* _What the exercise asks_: In the entries below, find the line with "2014 Chrysler Town" and the line with "1453 Thomas Ave - Photo 20". Return those two lines and all lines between them, exactly.

Top of Input data

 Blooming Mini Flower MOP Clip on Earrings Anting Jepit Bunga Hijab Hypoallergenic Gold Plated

Bottom of Input data
Top of Input data

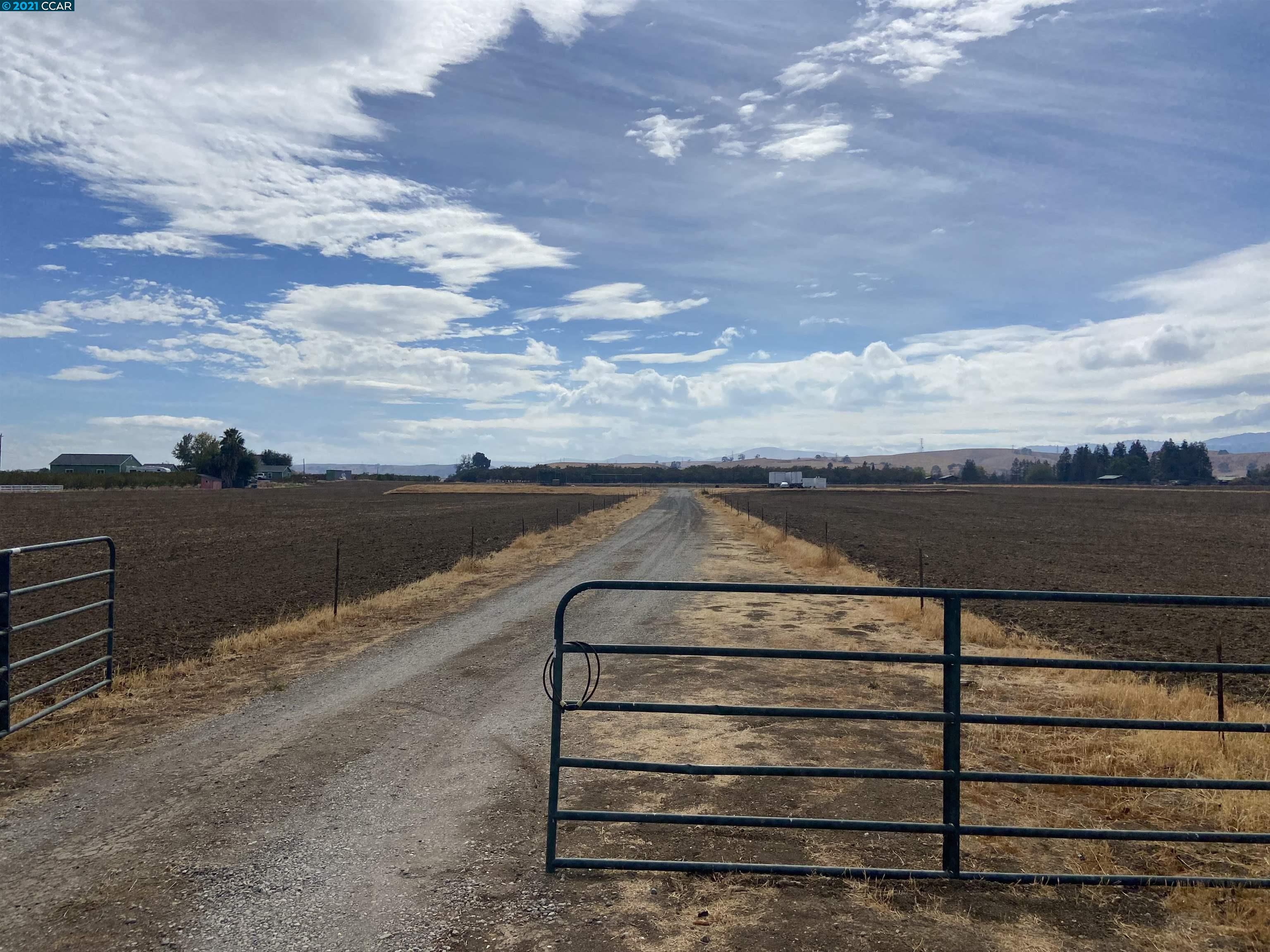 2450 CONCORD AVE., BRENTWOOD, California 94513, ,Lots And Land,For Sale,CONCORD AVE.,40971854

Bottom of Input data
Top of Input data

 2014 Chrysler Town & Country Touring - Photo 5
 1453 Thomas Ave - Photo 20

Bottom of Input data

* _Exercise answer_:
 2014 Chrysler Town & Country Touring - Photo 5
 1453 Thomas Ave - Photo 20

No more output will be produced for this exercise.